Welding: How to Choose the Right Solid WireJune 1, 2016
No two welding operations are the same. Yet in many cases, companies come to rely on similar filler metals to get the job done. Solid wire is among the most widely used filler metals in the industry and is a common choice for applications ranging from general fabrication and manufacturing to maintenance/repair and pipeline welding.
|Solid wire is one of the most-used filler metals in the welding industry the world over, and is a common choice for applications ranging from home hobbyists to general maintenance to repair. It can be used to weld many types and thicknesses of materials, from very thin alloys to thick structural metals for steel buildings.
The wire’s ease of use contributes to its popularity, as does its ability to weld many types and thicknesses of materials. Welding technology available on the market today also makes it easier for welding operators of varying skill sets to create quality welds with solid wire.
As with any type of filler metal, keep in mind several considerations when choosing a specific solid wire for an application. Different classifications offer varying characteristics for each solid wire, all of which can impact weld strength and quality, as well as the amount of post-weld cleanup needed.
Solid Wire: An Overview
The American Welding Society (AWS) provides multiple classifications for solid wire based on the mechanical and chemical properties each provides. Each letter and number in its nomenclature signifies a specific feature. As an example, for a commonly used solid wire, AWS ER70S-6, the “ER” indicates that the filler metal is an electrode or rod; the “70” signifies that it has a tensile strength of 70,000 lb./sq. in. (psi); and the “S” means that it is a solid wire.
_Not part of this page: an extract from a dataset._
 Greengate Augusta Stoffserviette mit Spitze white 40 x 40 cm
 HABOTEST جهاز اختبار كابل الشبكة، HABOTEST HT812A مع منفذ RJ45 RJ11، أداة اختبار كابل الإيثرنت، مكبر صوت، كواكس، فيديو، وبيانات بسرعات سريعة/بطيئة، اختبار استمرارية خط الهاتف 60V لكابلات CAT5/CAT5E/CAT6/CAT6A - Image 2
The “6” reflects the chemical composition and shielding gas requirements.
Solid wires with “S-3” and “S-6” suffixes are among the most commonly used in the industry for gas-metal-arc welding (GMAW). For gas-tungsten-arc welding (GTAW) applications, an ER70S-2 cut-length (or rod) often is used.
Solid wires are available in a range of diameters. For GMAW, diameters range from 0.023 to 1⁄16 in., whereas solid wires used in submerged arc welding (SAW) can have diameters to 1⁄8 in. and larger. GTAW cut-lengths are available in diameters of 1⁄16 to 5⁄32 in. Typical operating parameters for solid wire depend upon these diameters and, for GMAW or SAW, also on wire-feed speed. Wire-feed speed is proportional to the amperage used for the welding application. Voltage can range from 14 to more than 30 V.
When using solid wires, spray transfer and short-circuit transfer are two common welding modes. The transfer mode used for an application depends upon the shielding gas and the welding parameters. To achieve spray-transfer mode requires a minimum of 85 percent argon in the shielding-gas mixture. The result of this mixture is less undercutting and a more fluid, controllable puddle. The preferred gas for short-circuiting transfer mode is 75-percent argon/25-percent CO2, which provides good arc transfer, lower levels of spatter and a nice appearance of the completed weld bead.
Common Types of Solid Wire
Each classification of solid wire has unique benefits, limitations and best uses. Following are some common types of solid wires, along with their attributes.
|When welding on clean base material, solid-wire filler metals deposit very little slag, resulting in minimal post-weld cleanup. Because of this, solid wire commonly finds use for tack welding or other applications where a clean surface is important.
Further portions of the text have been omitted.